◆ **EXERCISE DESCRIPTION**
Repeat each record exactly, skipping the pictures.

◆ **THE DATA**
◆ ◆ ◆ ◆ ◆

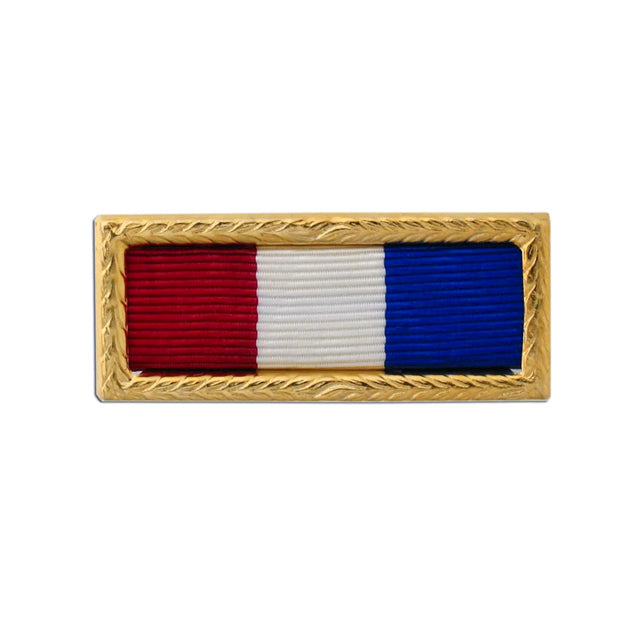 Army Philippine Presidential Unit Citation Ribbon & Frame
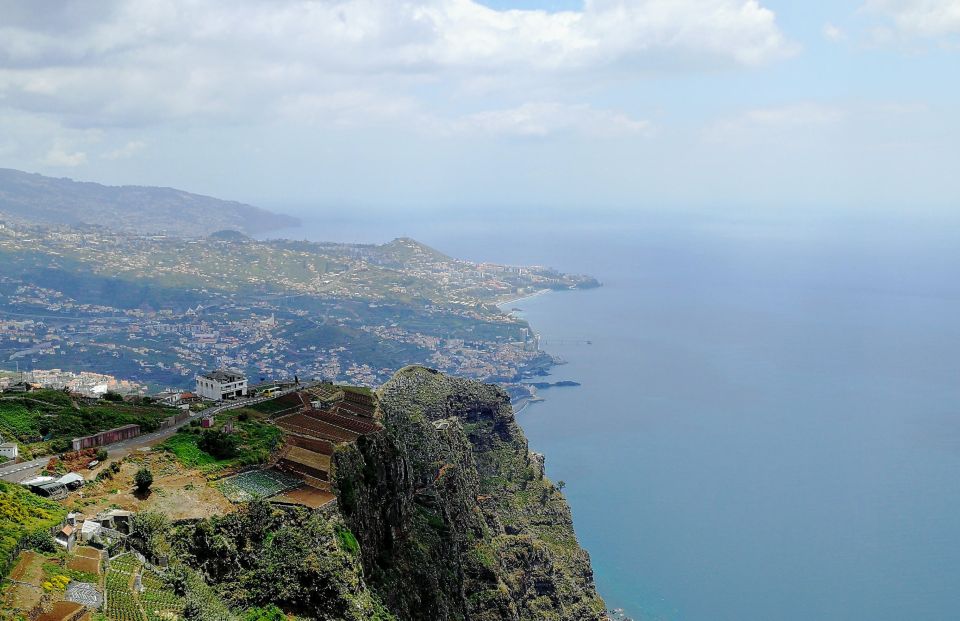 Madeira: Private Guided Cabo Girão Tour - Who should book this Cabo Girão + Câmara de Lobos tour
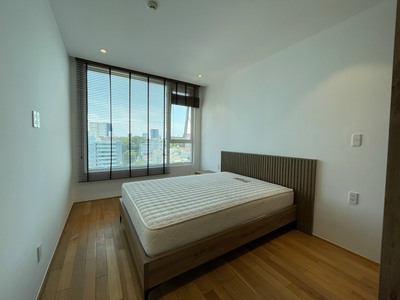 Chính chủ cần cho thuê căn hộ 2pn  léman luxury apartments, đường nguyễn đình chiểu, phường 6, quận 3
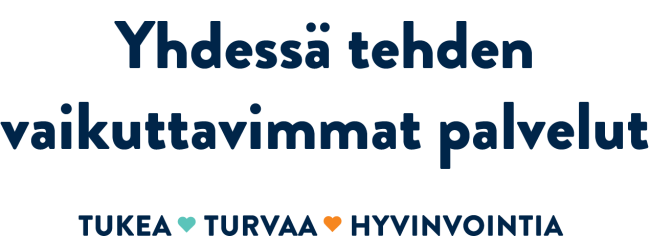 yhdessä tehden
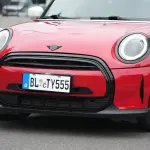 MINI Mini 2021 102 л.с. — лот 56274261 из Китая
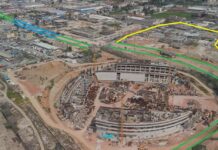 Νέα Λεωφόρος στην Αθήνα: Ένα Στολίδι για την Πρωτεύουσα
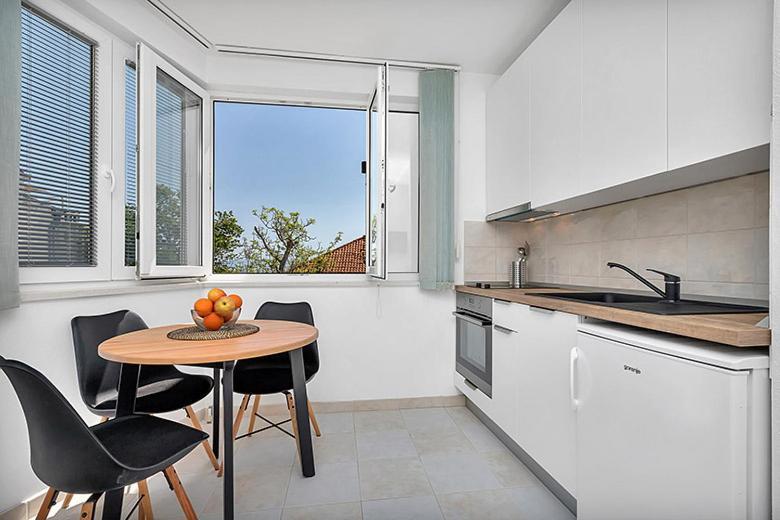 Apartment Mili *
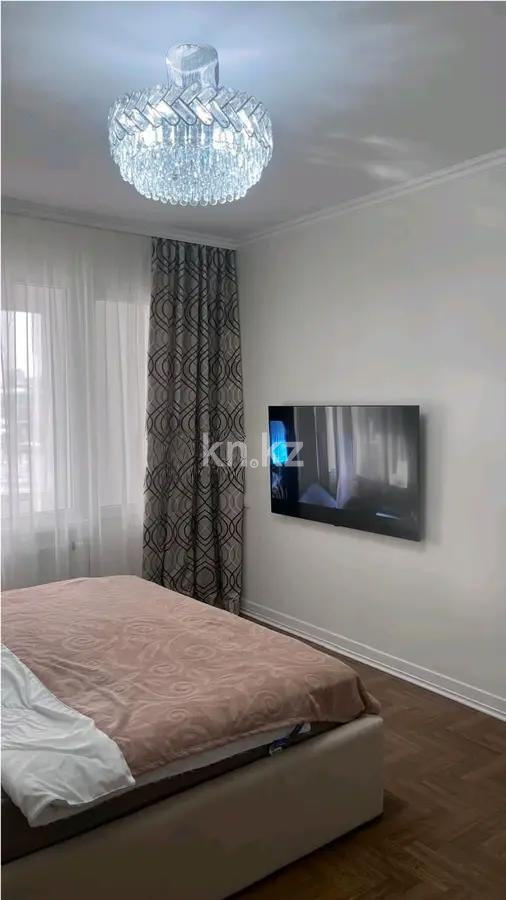 Продажа 1-комнатной квартиры, 35 м² в Астане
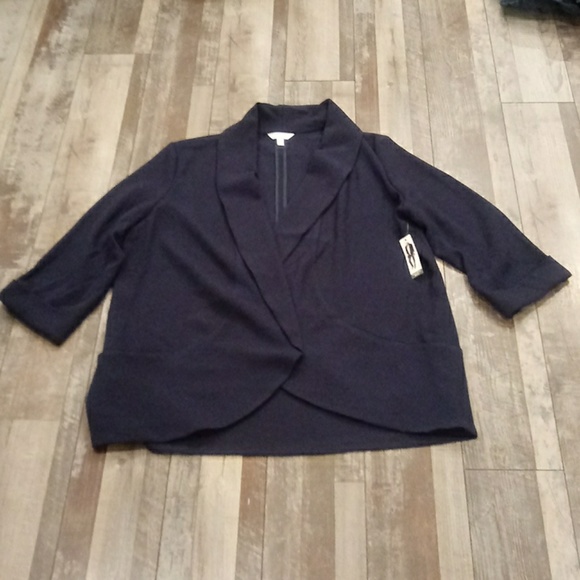 Time and Tru Jackets & Blazers - Time and Tru Jackets (NWOT).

◆ ◆ ◆ ◆ ◆

◆ **RESULT**
 Army Philippine Presidential Unit Citation Ribbon & Frame
 Madeira: Private Guided Cabo Girão Tour - Who should book this Cabo Girão + Câmara de Lobos tour
 Chính chủ cần cho thuê căn hộ 2pn  léman luxury apartments, đường nguyễn đình chiểu, phường 6, quận 3
 yhdessä tehden
 MINI Mini 2021 102 л.с. — лот 56274261 из Китая
 Νέα Λεωφόρος στην Αθήνα: Ένα Στολίδι για την Πρωτεύουσα
 Apartment Mili *
 Продажа 1-комнатной квартиры, 35 м² в Астане
 Time and Tru Jackets & Blazers - Time and Tru Jackets (NWOT).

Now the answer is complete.